А.Б.: Квантовая механика – моя любимая наука. Там электрон может разом бежать в разные стороны и при этом не сходит с ума. Есть с кого брать пример на фундаментальном уровне. Или взять теорию относительности. Чем быстрее движешься, тем тоньше становишься, масса твоя возрастает до бесконечности, а время замирает. Это, конечно, при приближении к божественным скоростям. Переводя же скорость, массу и время в литературные единицы измерения, получаем рецепт, как стать классиком. Но если серьезно, то карма физика действительно во многом определяет и мои дальнейшие реинкарнации. В свое время, читая повесть Камю «Посторонний», я придумал «Поверхностные гиперъядерные состояния». Вы добавляете «странную» частицу (гиперон) к ядру, а она не тонет в коллективе и в силу многочастичного отталкивания остается жить на поверхности. Экспериментом по обнаружению такого состояния является смерть. В момент своей смерти (распада) посторонняя частица выбрасывает гораздо больше энергии, чем если бы она распадалась в коллективе. Мне пророчили докторскую степень и Государственную премию, если такое состояние будет открыто. Но я предпочел смерть в физике жизни в литературе и в кино. И, как ни странно, принял на себя судьбу этой «странной» частицы. Я остался на поверхности. Я везде – «посторонний». Оттого и литературно убиваю, как Мерсо.
А.М.: Каким вы видите будущее русской литературы?
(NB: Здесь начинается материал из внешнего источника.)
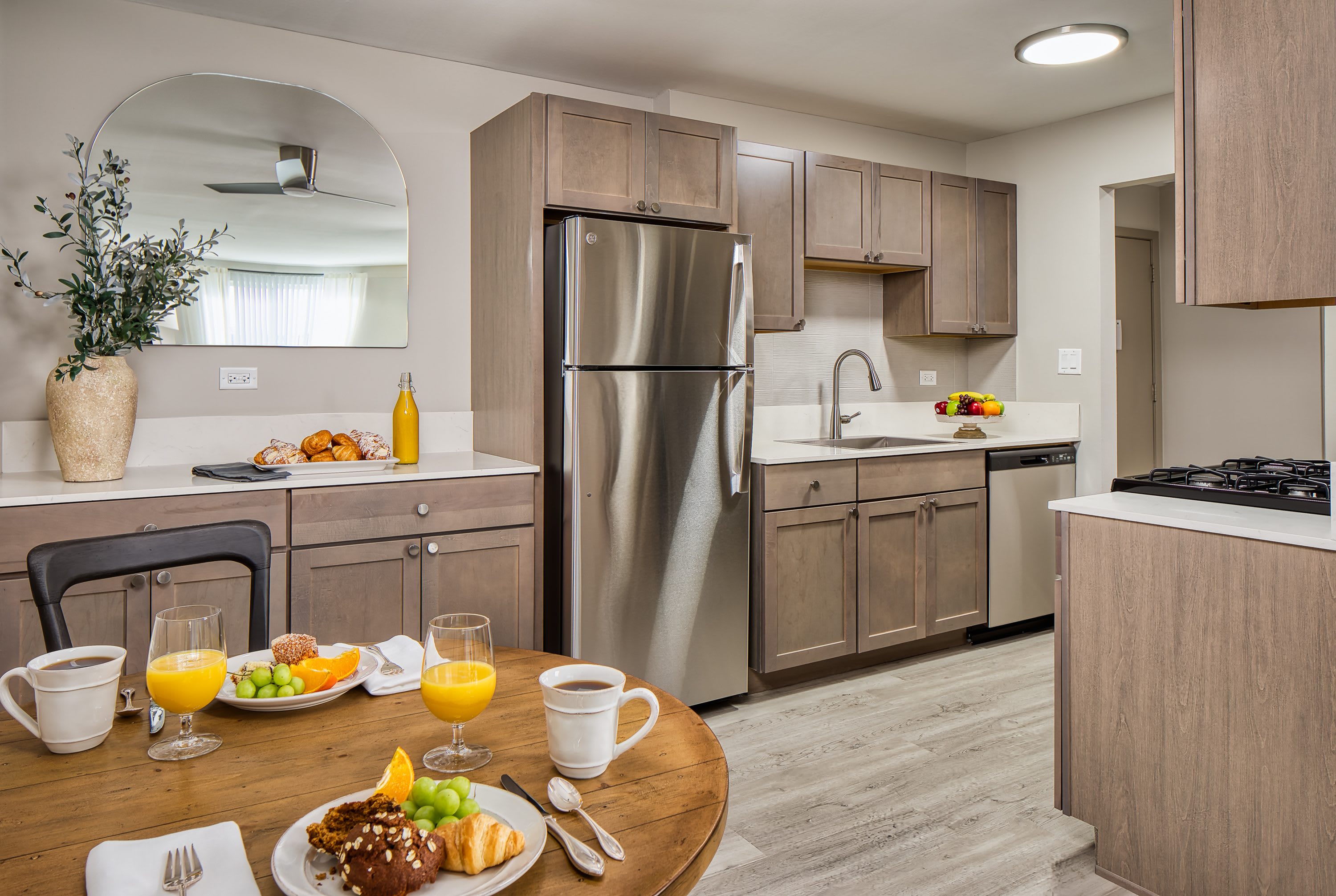 Glen Oaks Commons – photo 1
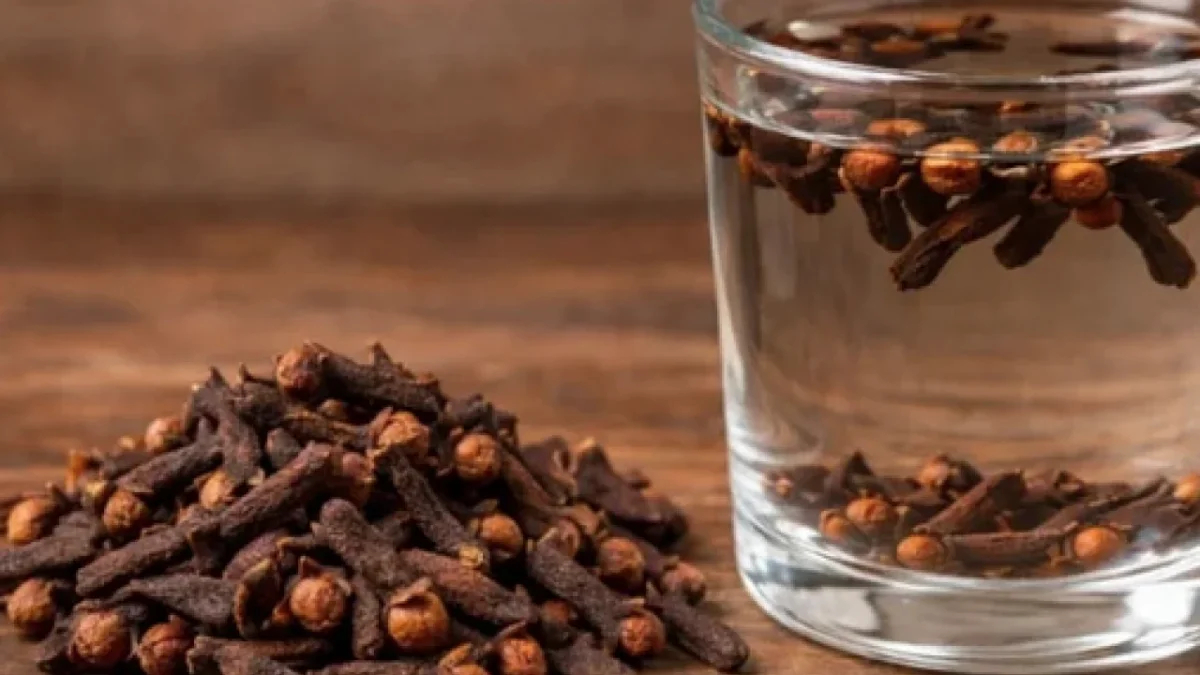 Uyumadan önce içeceğiniz 1 bardak karanfilli su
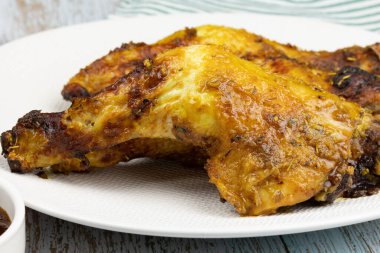 Bir tabak kızarmış tavuk bacağı.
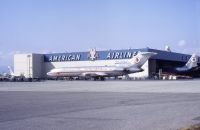 Photo: American Airlines, Boeing 727-200, N6826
А.Б.: Свободной от постоянно навязываемых ей правил игры. В конце концов, писательство – это последняя возможность быть свободным. Но, увы, попы всех мастей проникают и сюда. Они указывают нам, что можно и что нельзя, стращают замалчиванием, совращают тиражами и денежными премиями. Они хотят сделать из нас самих себя, то есть заурядных литературных попов со всей их иерархией, со всей их пропагандой. И, похоже, мы приговорены к замалчиванию. Но с нами Мандельштам! Разрешенные литературные произведения – это мразь, неразрешенные – ворованный воздух. Я предпочитаю ворованный воздух. Попы, конечно же, изощренны в своем лукавстве, они пытаются перехватить у нас все наши жесты протеста. Когда Генри Миллер писал свои романы, они были запрещены к публикации в Штатах, а сейчас считаются не только национальным достоянием, попы преподают Миллера во всех мировых университетах. Увы, надо признать, что идея протеста тоже хорошо продается. И симулякр все труднее отличить от подлинника. Но мы должны как-то суметь сыграть на опережение.